Image-caption web data:
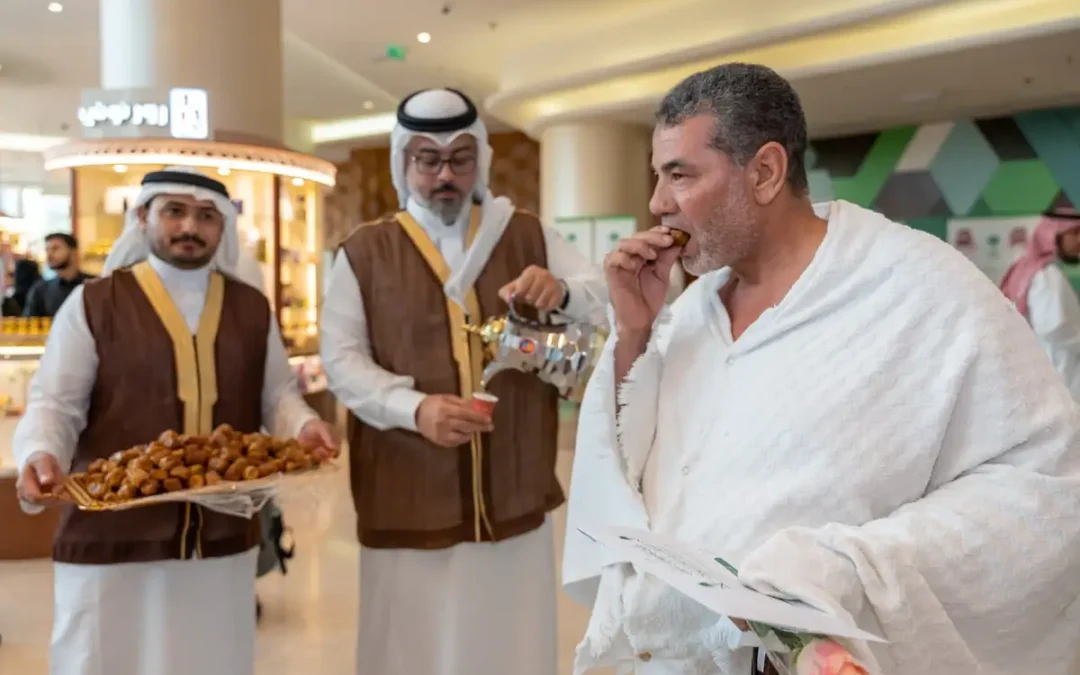 لليوم الثاني.. استقبال 460 حاجًّا من 47 دولة من ضيوف خادم الحرمين الشريفين للحج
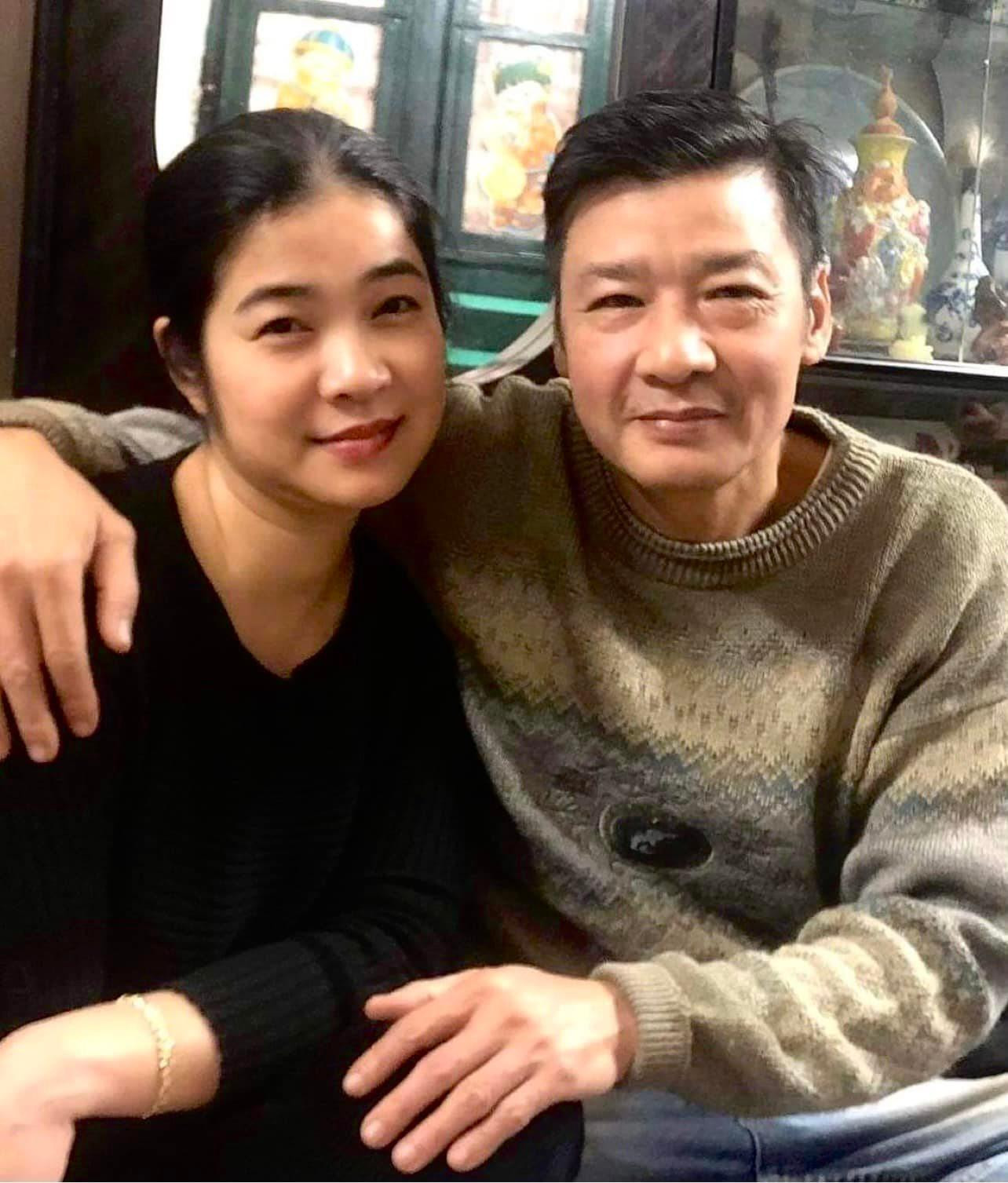 NSƯT Võ Hoài Nam nhắn gửi đến bà xã: “Đỉnh cao của âm thanh là im lặng. Lời nói đặng, nặng sâu trong ánh mắt! Chúc mừng nửa tôi 8/3/2022”.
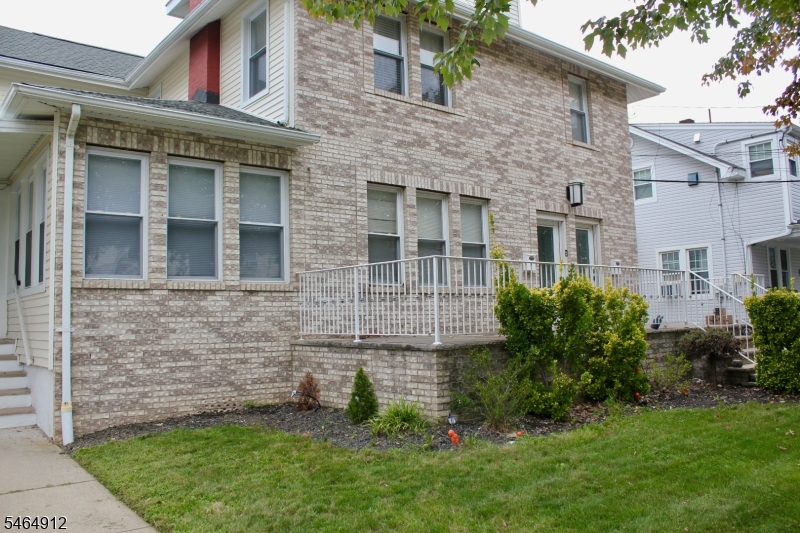 424 Lafayette Ave Property Photo 2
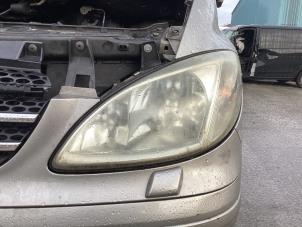 Used Headlight, left Mercedes Viano (639) 3.0 CDI V6 24V Price € 90,00 Margin scheme offered by Gebr Opdam B.V.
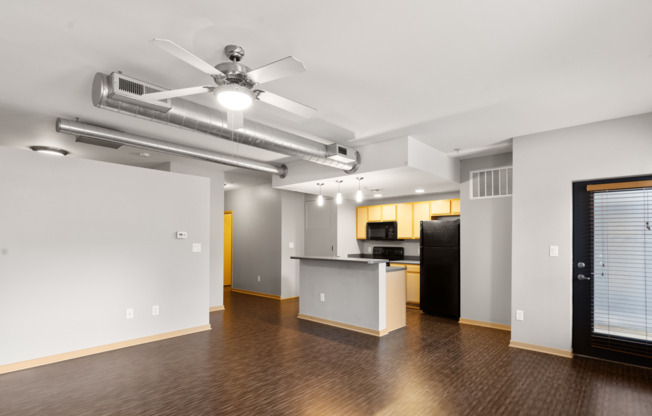 1 bed, 1 bath, 729 sqft, $995, Unit 312-401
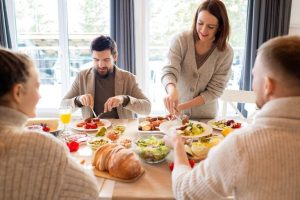 Study Links Weekend Meal Time Shifts To Higher Heart Risk For Men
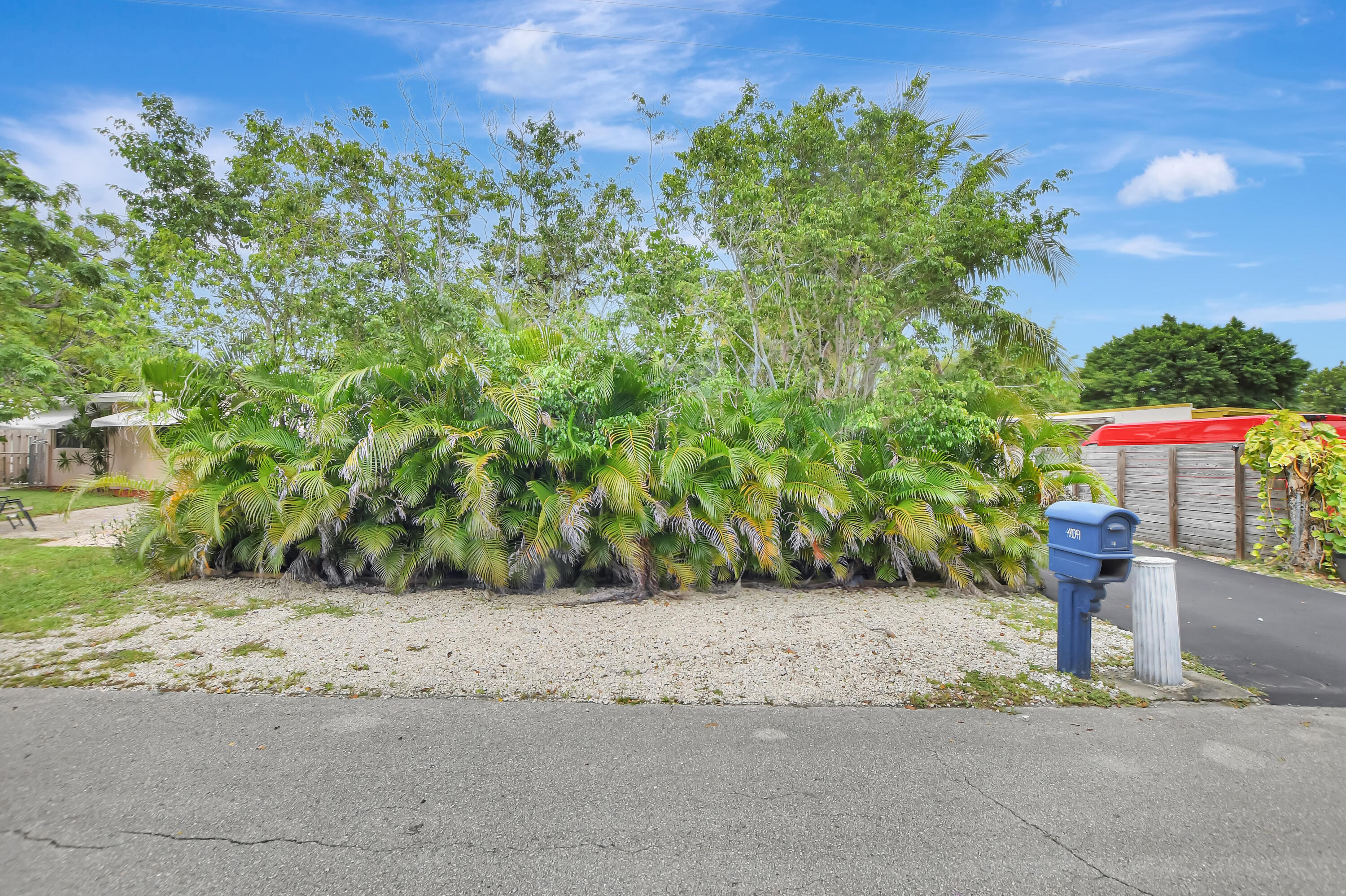 409 Manchester Street Boca Raton, FL 33487 - Photo 44 of 50 EXTERIOR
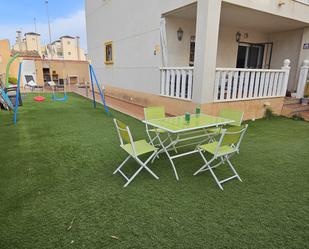 Jardí de Casa o xalet en venda en Orihuela amb Aire condicionat, Jardí privat i Terrassa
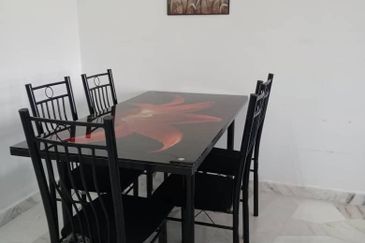 Straits View Condominium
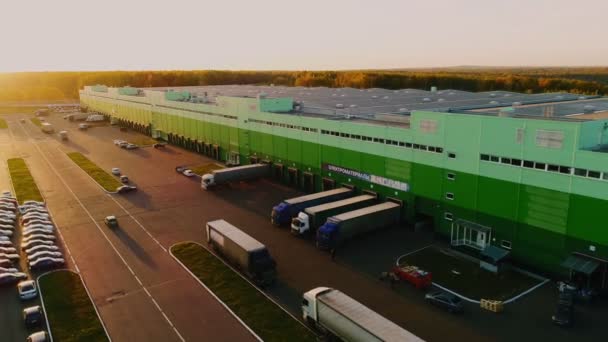 Edificio de almacenamiento con rampas de carga y vista superior de camiones — Vídeo de stock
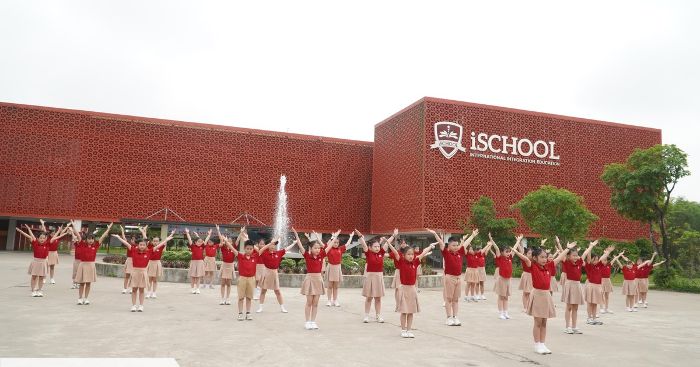 iSchool Quảng Trị - 5 năm một chặng đường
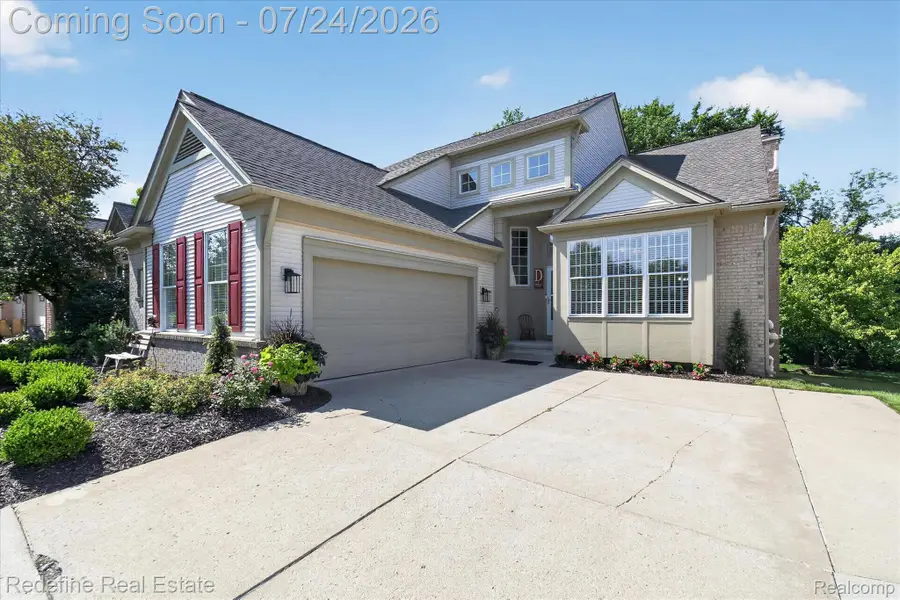 51370 Plymouth Heights Lane, Plymouth, MI 48170 - #3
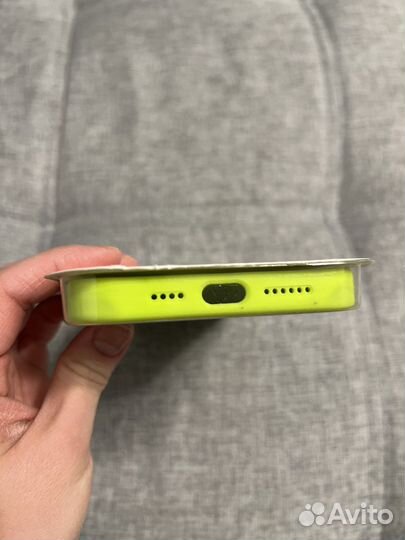 Силиконовый чехол на iPhone 13 pro max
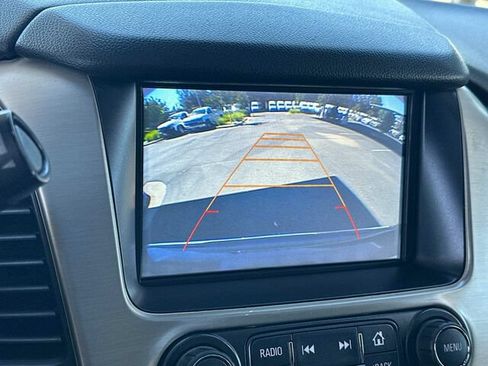 Used 2017 GMC Yukon XL Denali w/ Open Road Package AWD/4WD image 25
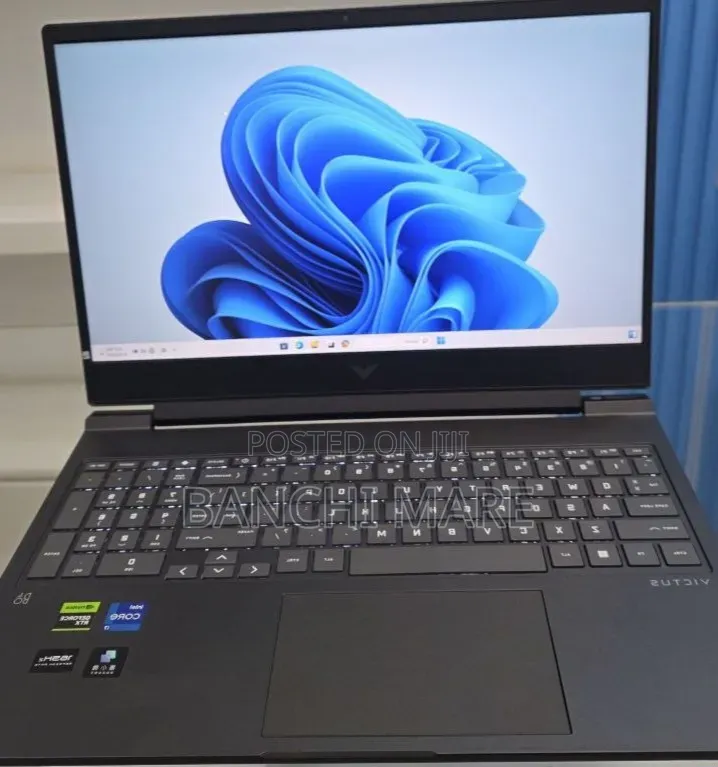 New Laptop HP Victus 16 16GB Intel Core i7 SSD 1T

PROMPT:
Copy exactly the lines that run from the one containing "Study Links Weekend" to the last line of the records, both included, and leave out every picture.

YOUR SOLUTION:
 Study Links Weekend Meal Time Shifts To Higher Heart Risk For Men
 409 Manchester Street Boca Raton, FL 33487 - Photo 44 of 50 EXTERIOR
 Jardí de Casa o xalet en venda en Orihuela amb Aire condicionat, Jardí privat i Terrassa
 Straits View Condominium
 Edificio de almacenamiento con rampas de carga y vista superior de camiones — Vídeo de stock
 iSchool Quảng Trị - 5 năm một chặng đường
 51370 Plymouth Heights Lane, Plymouth, MI 48170 - #3
 Силиконовый чехол на iPhone 13 pro max
 Used 2017 GMC Yukon XL Denali w/ Open Road Package AWD/4WD image 25
 New Laptop HP Victus 16 16GB Intel Core i7 SSD 1T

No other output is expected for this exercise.